One of June's projects to keep busy was creating a model of Afton as it was in the 1920's. She had built buildings and a train bridge from old boxes and tar paper. Each piece in the display was true to the town as it once was. While at one time there was commerce in town, three stores, and a post office, all of that was gone now. The house where June was born was now known as "the bike house" and used solely as lodging for cyclists. June lives in the next brick house down the road. She told me that records show taxes were paid on the house as early as 1875. Between the bike house and June's house is a cinder block building that used to serve as June's father's auto shop.

After talking with June, I settled into the bike house, which offers its own history lesson. The four main rooms of the house are packed with memorabilia from the last thirty years of the Trail.

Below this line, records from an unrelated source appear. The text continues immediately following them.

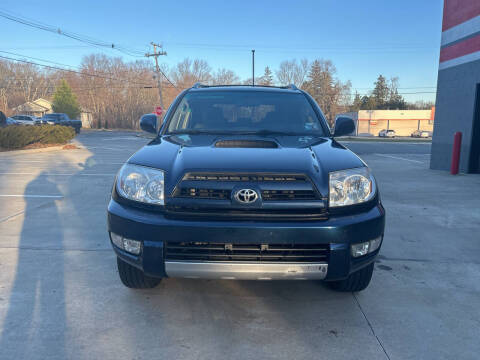 2005 Toyota 4Runner for sale at Washington Auto Repair in Washington NJ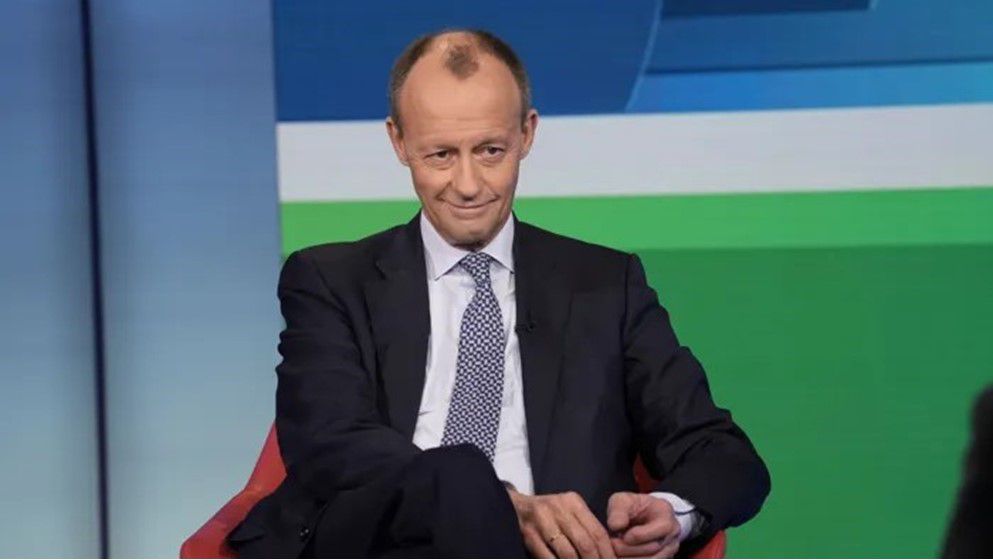 German Chancellor: Era of Yielding to Tariff Threats Is Over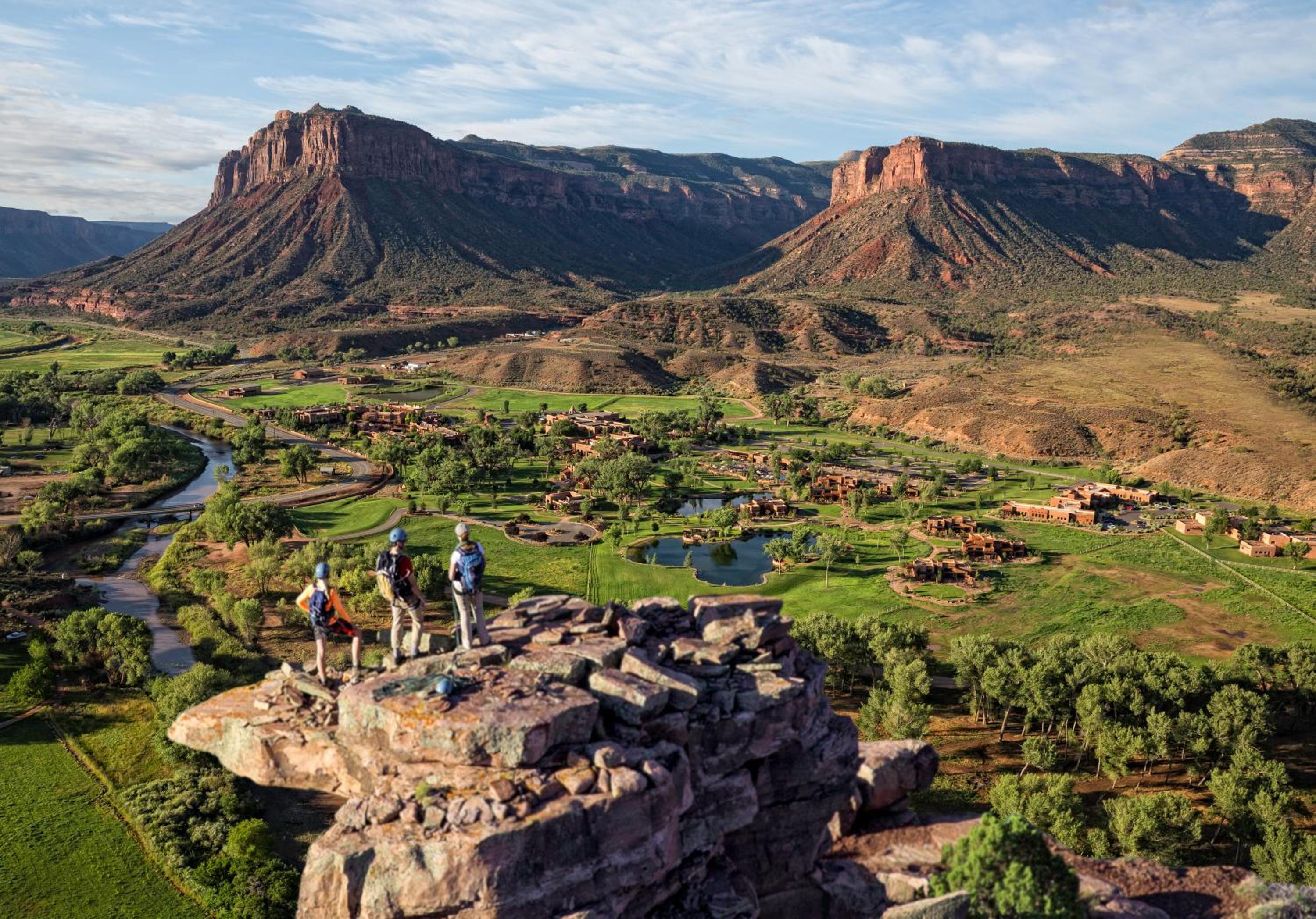 Gateway Canyons Resort, a Noble House Resort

Cyclists who have stayed at the house have adopted the tradition of leaving a memento -- shirts, cards, equipments, and art line the walls.

Thirty years of photo albums, newspaper clippings, and postcards also fill the rooms. I spent a few hours reading over the notes from bikers from all around the world and flipped through the photo albums. Thanks to the efforts of a few cyclists, the photo albums of all the cyclists who have stopped by June's house are now available online.


The Dunns said...

Hi Brian
Glad to hear that you are doing well. What a great lady! I am sure you are meeting all kinds of interesting people. We will have to have Brendan and Ryan log on so they can follow their Uncle's journey. Be safe. We love you!
Meg, Dan, Brendan, Ryan and Sarah

Andy said...

I kind of wish I had stopped at June's house now but was on a roll (an uphill one though)! Sounds like it was worth it for you!

Aunt Maureen said...

Hi Brian!

I sure am enjoying reading your blogs and seeing the pictures! What an adventure for you! How are the mountains? You sure have been meeting some interesting people! Have you met any more bikers lately? Stay safe!

love, Aunt Maureen

Doug Moon said...

I stayed at the house in June, 1986. Tonight, I was reminiscing about my cross country bike ride, and decided to google the "Cookie Lady". I'm amazed at what I found.

June Curry is a remarkable person. I'm saddened to hear about her poor health and financial situation, but thrilled to hear that she's still helping cyclists after all of these years. I plan to send her a donation tomorrow.

I'm looking forward to reading your blog about your trip. May the skies be blue and the wind at your back.


Ray said...

Brian - isn't the house amazing?!?!? And I'm glad to hear June was doing well. I did the trip last year and arrived at her place around 6pm, completely exhausted. Was glad to stay in her house and have a wonderful meal. Congrats and happy future cycling!